×

Magic Mike 6XL: The Chicken Run

Michael D. Davis.

I don’t remember the first time I rode a lawn mower. I don’t remember the first time I drove a tractor. I don’t remember the first time I drove a car. I’m sure I was too young for all three. But I do remember the first time I got pulled over because it happened last week.

As a fat man who keeps strange hours and whose regular bedtime ends in the AM, I sometimes get hungry at night. And my favorite impromptu bite to eat at any hour of the night is chicken from Kwik Star.

So, last week, a hair before the witching hour, I headed out to grab some chicken. My Ma, who was still awake at this hour and requesting an egg salad sandwich and a pretzel, calls this occasional hungry moonlit jaunt the chicken run. I’m heading down the street and not a soul is about. I stop at the 63 intersection and look out at the usually busy highway laid barren. At Kwik Star, I grab my stuff, no pretzel, and check out.

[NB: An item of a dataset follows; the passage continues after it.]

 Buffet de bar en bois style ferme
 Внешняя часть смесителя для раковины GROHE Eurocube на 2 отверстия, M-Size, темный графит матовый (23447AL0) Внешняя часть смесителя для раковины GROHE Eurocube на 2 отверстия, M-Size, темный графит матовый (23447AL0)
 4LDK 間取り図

Back in the car, I go to the end of the drive, I look left and it’s a ghost town, I look right, and see a jeep coming out of the darkness. The jeep pulls into Kwik Star as I pull out, and I start to retrace my steps homeward. I don’t get far. When I noticed the flashing lights behind me, I thought there must be an emergency somewhere, I should get out of the way. I pulled over, and so did the flashing lights.

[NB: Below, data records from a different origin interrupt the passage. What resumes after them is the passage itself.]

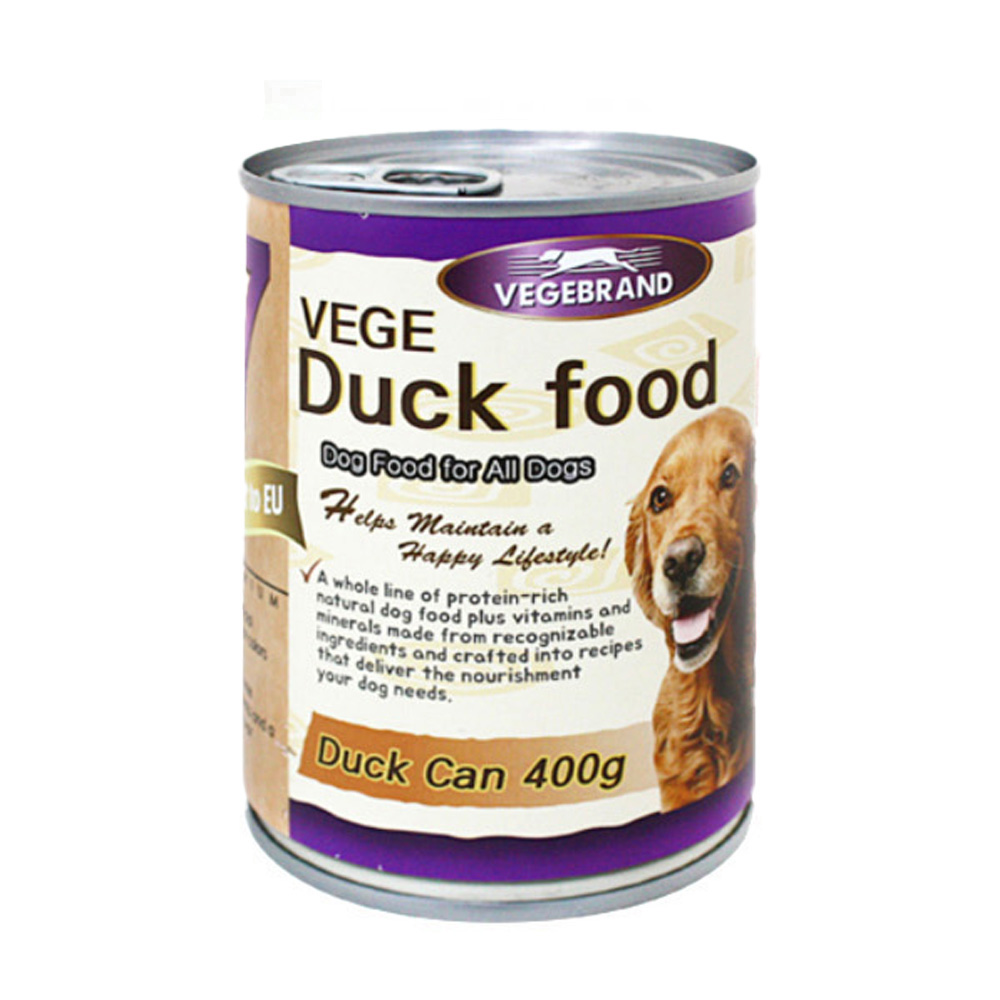 베게브랜드 오리고기캔 400g (강아지 간식)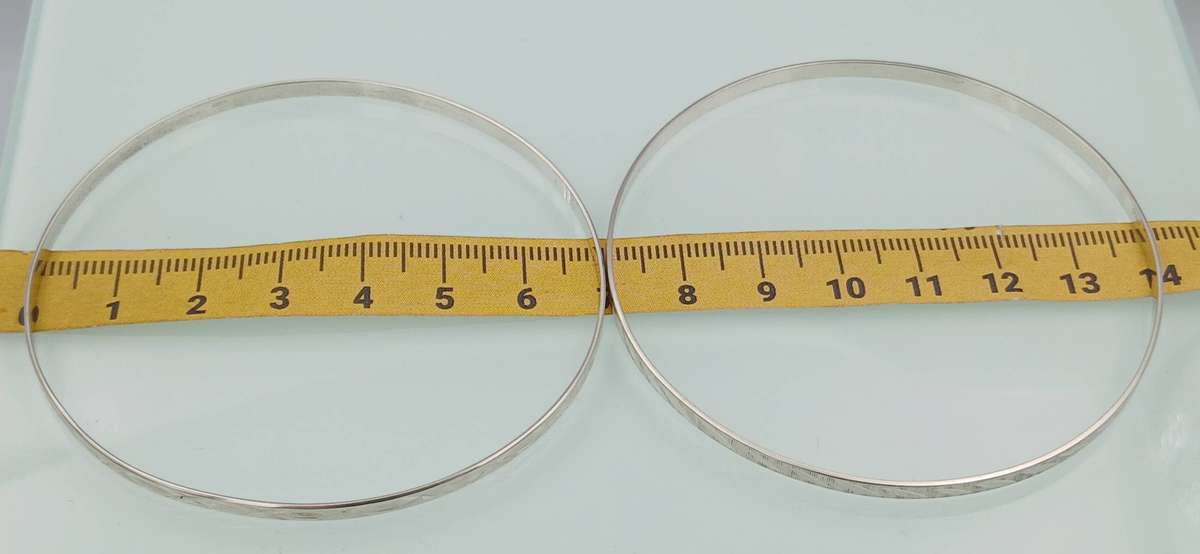 Lot of Two Beautiful Sterling Silver Bangles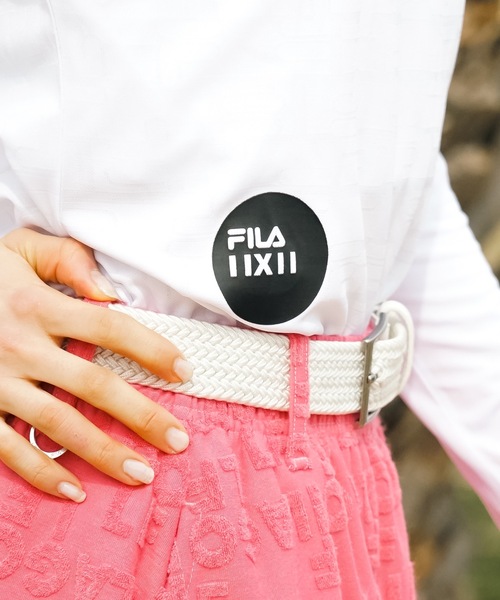 FILA GOLF(フィラゴルフ )の「【FILA GOLF:フィラゴルフ】レディースノースリシャツ+インナーセット ゴルフ(Tシャツ/カットソー・レディース・ブラック/ホワイト・LARGE/MEDIUM)」の13枚目の写真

All of the thousands of cop shows, crime shows, mysteries, documentaries, and movies left my head as nervousness took over, and I suddenly didn’t know what to do. So I didn’t move. Okay, I turned off the radio, but mainly because I didn’t want the officer to know I was listening to “99 Luftballoons.”

The officer came to the window, and I said, “Before you say anything, should I put it in park?” He said, yeah, then asked why my lights weren’t on. I didn’t know they hadn’t been on.

The officer asked for my license, insurance, and registration. I started to get my license out of my pocket, but my vest being that of a clown, I ended up taking several things out of my pocket till I found my wallet with my ID. I handed it over and then I opened the glove box, and papers flooded out. I didn’t know what was what.

As I handed the officer wads of random papers that had been crammed in the glove box I babbled on about it actually being my Ma’s car like I thought this would explain things or shift blame. The officer glanced through the papers found the registration and also found insurance, just not from this year. “That’s 2023,” He said, “2022, 2021, we are going backwards here.”

The officer handed me back the wad of papers and said he’d run my license as I continued to search for the current insurance. I sifted through paper after paper and found nothing that had the current year on it. When he came back he handed me my license and told me I could keep searching for it or just not drive the car again until I get a new copy of the current insurance in the glove box. At this point, I’d found the insurance card for every single year since the beginning of time except for the current one, I even found the insurance cards for a car we haven’t had in five years. So, I agreed to stop my search.

In an ironic twist, the officer then said, “Aren’t you the guy that wrote the article about the traffic stops in last week’s paper?” I should’ve pointed out earlier in this story, I did not recognize this officer, and I know the majority of the local officers.

I told him yes, I wrote that article. To which he replied, that he was the officer I had emailed with about it, and whom I quoted in the paper. He said he thought it was a good read, and we talked for a few minutes.

I asked him if he’d seen my column ‘Magic Mike 6XL’, and he said he had. I said good because I could guarantee that what was happening at that moment was going to be in a column in the paper in the coming weeks.

It is a bit surreal to be pulled over for the first time in a town where you’ve lived your entire life by an officer that you didn’t know, but actually did know, and then to be complimented on your writing by said officer. Nonetheless, it was nice.

So after our little chat, and goodbyes were being said, and when I was getting ready to start homeward again, he said, “Your lights still aren’t on, by the way.” Somehow I’d still forgotten to turn on my lights. Back home, I told Ma what had transpired and she had a hearty laugh at my expense.

A couple of days later we got a new copy of the insurance and put it in the car. That night was my first night driving the car again and I went on another chicken run. As I was leaving, Ma said with a laugh to get her a pretzel and not to get pulled over.

I’m at Kwik Star I get my stuff and I’m starting to leave. And who do I run into at the door, but the officer that pulled me over. We talked for a second, I told him we got a new copy of the insurance, and how Ma busted my chops, telling me not to get pulled over again. When I got in the car, I made extra sure I put my lights on.